In [None]:
#Convolution_Example.ipynb
# Simple Notebook to illustrate the idea of how image processing uses kernels to process imgaes
# uses convolution.py from the Convolution-from-scratch repository by Nikita Detkov
# Copyright Jim Smith james.smith@uwe.ac.uk 2023



import numpy as np
import os
from PIL import Image


import seaborn as sns
import matplotlib.pyplot as plt
import matplotlib.animation as animation 
from matplotlib.patches import Rectangle
from convolution import conv2d

plt.rcParams["animation.html"] = "jshtml"
plt.rcParams['figure.dpi'] = 150  
plt.rcParams['animation.embed_limit']= 201004050
%matplotlib inline

# Convolution from the perspective of image processing
For decades before the invention of 'neocognitrons' (nowadays better known as Convolutional Neural Networks,
Image Processing Experts relied on the concepts of transforming images by moving a small 'kernel' across the image.

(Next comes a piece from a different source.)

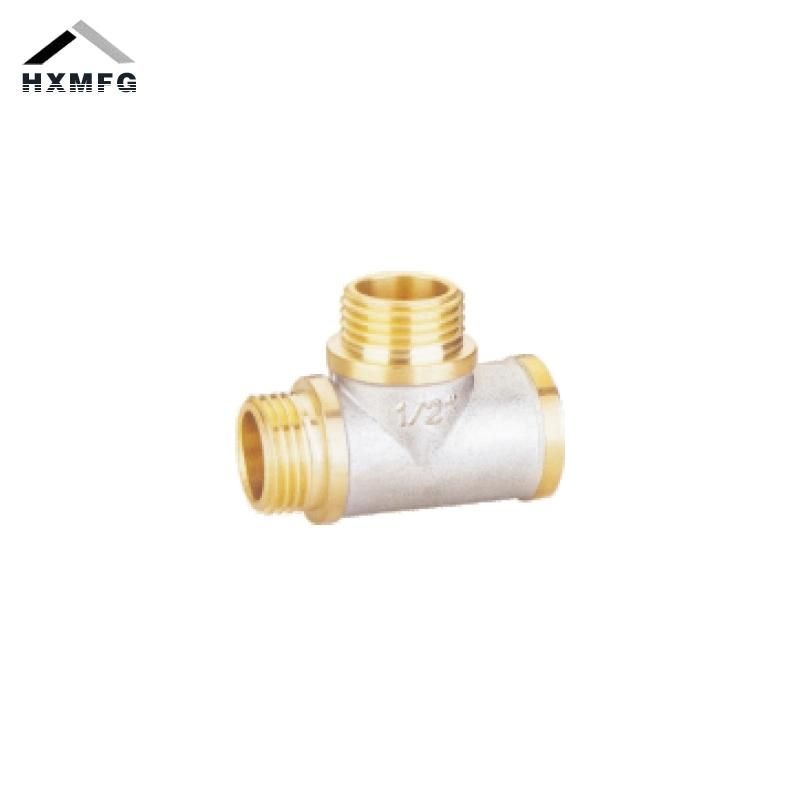 Nickel Plate 3-Way Mf Equal Thread Pipe Fitting Tee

The basic idea is to transform the image by using simple local processing which you apply at each different point in the image.

To illustrate this process we will start by using a hand-drawn number (so we can process it quickly without code optimisations) and a simple vertical edge detector called the Prewitt Filter. (Technically the Prewitt uses vertical and horizontal versions then combines them).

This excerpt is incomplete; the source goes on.